Fundado en 2014 con propuestas satíricas como la distribución de barriles de cerveza a cada hogar y una fuente de cerveza en Viena, este partido ha comenzado a tomar relevancia tanto en la política local como nacional.
El domingo pasado, el Bier Partei consiguió un 2% de los votos, cerca de 100.000 sufragios, comparado con el 0,1% obtenido en las elecciones de 2019.
Aunque no alcanzaron el umbral del 4% necesario para obtener escaños en el parlamento, este avance llega después de su sorprendente tercer lugar en las elecciones presidenciales del año anterior, donde lograron un 8,3%.
Su líder, Dominik Wlazny, conocido por su nombre artístico Marco Pogo, es un médico, cantante de la banda de rock Turbobier y empresario.
A los 37 años, Wlazny comenta que fundó el partido como un proyecto satírico, pero decidió tomarlo más en serio tras obtener representación local en 2020. Su objetivo, según él, es llevar «diversión» y «aire fresco» al parlamento austriaco.
El Bier Partei se define como apolítico y busca ser la «voz del pueblo», especialmente de aquellos que están desilusionados con la política y cansados de la corrupción.

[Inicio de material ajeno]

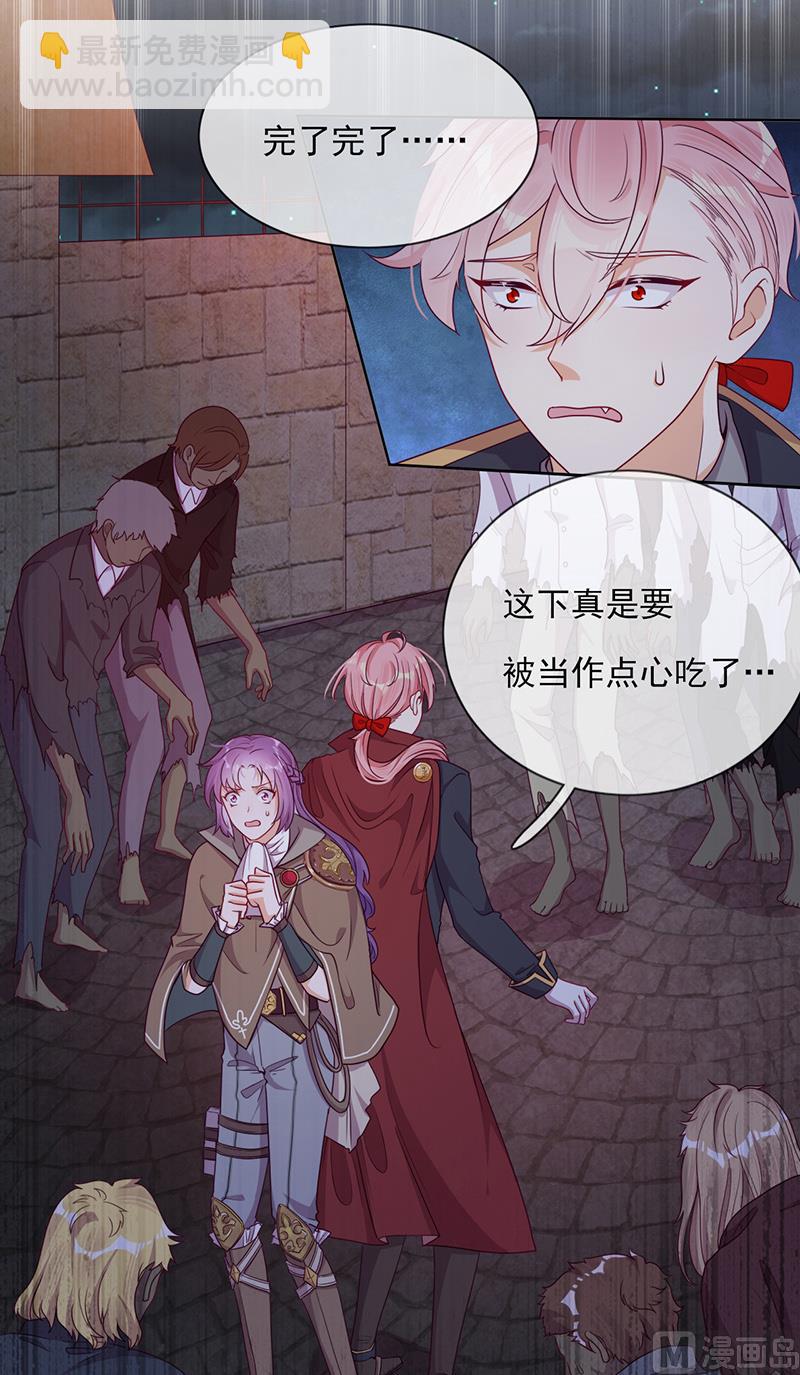 第52话 团团的反杀(1/2)-第53话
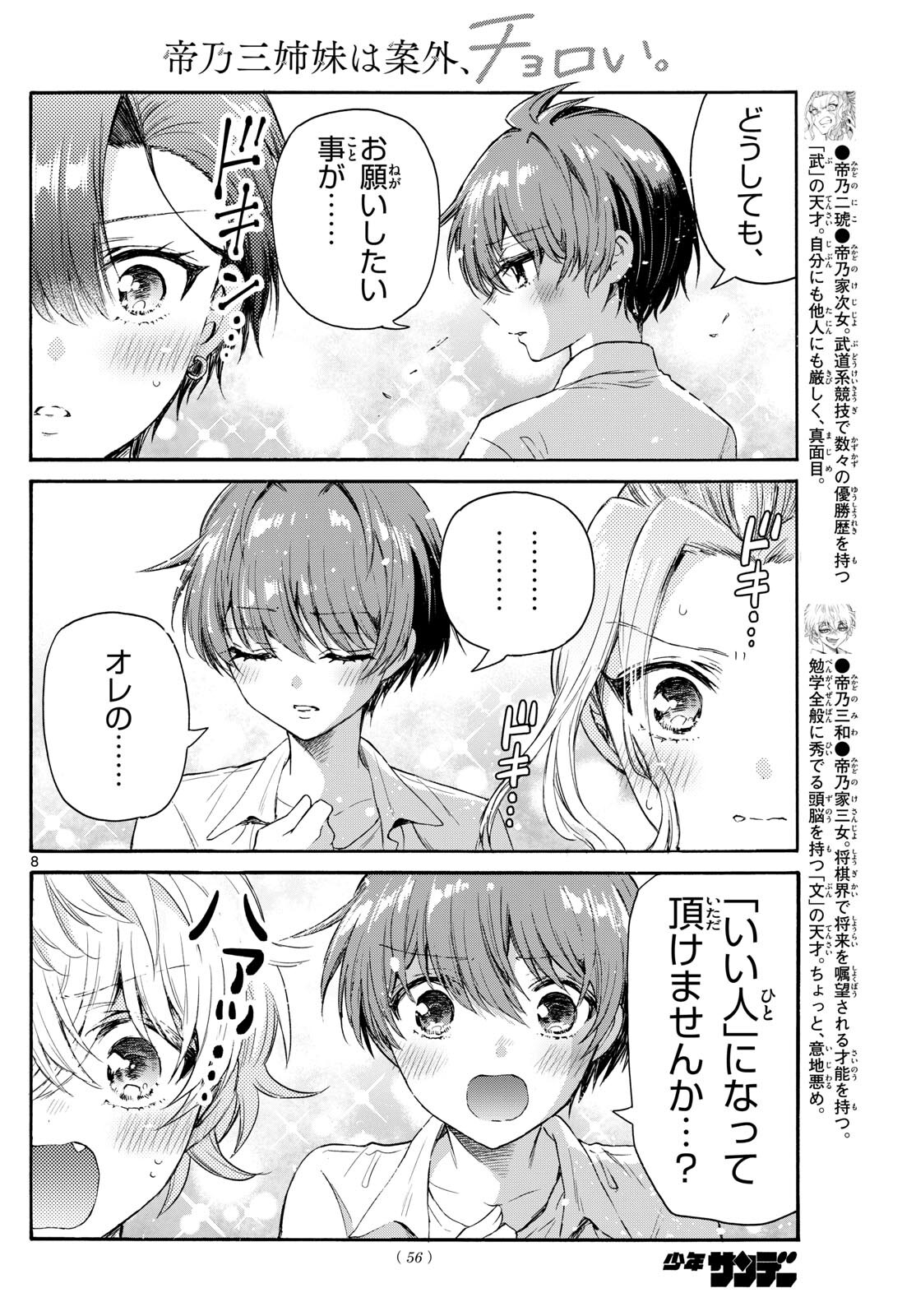 帝乃三姉妹は案外、チョロい。 第76話 - Page 8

Algunos de sus lemas electorales son «Austria elige cerveza» y «nuevo, independiente, incorruptible».
Más allá de las bromas sobre la cerveza, el partido cuenta con un programa político que abarca temas desde el aumento de la financiación en sanidad hasta la reducción de trabas para la creación de empresas.
Entre sus propuestas más destacadas están la reforma del sistema de pensiones, la despolitización de la justicia, y la introducción de un examen obligatorio para futuros ministros, asegurando que lleguen al puesto por mérito.
En cuanto a inmigración, el Bier Partei considera que es una oportunidad para Austria, pero con reglas claras que todos deben cumplir.
Proponen cursos de alemán para los inmigrantes, además de formación sobre la democracia y la Constitución. Asimismo, sugieren la creación de un «Ministerio del Futuro», enfocado en desarrollar políticas para el largo plazo, pensando en el Austria de 2040 o 2050.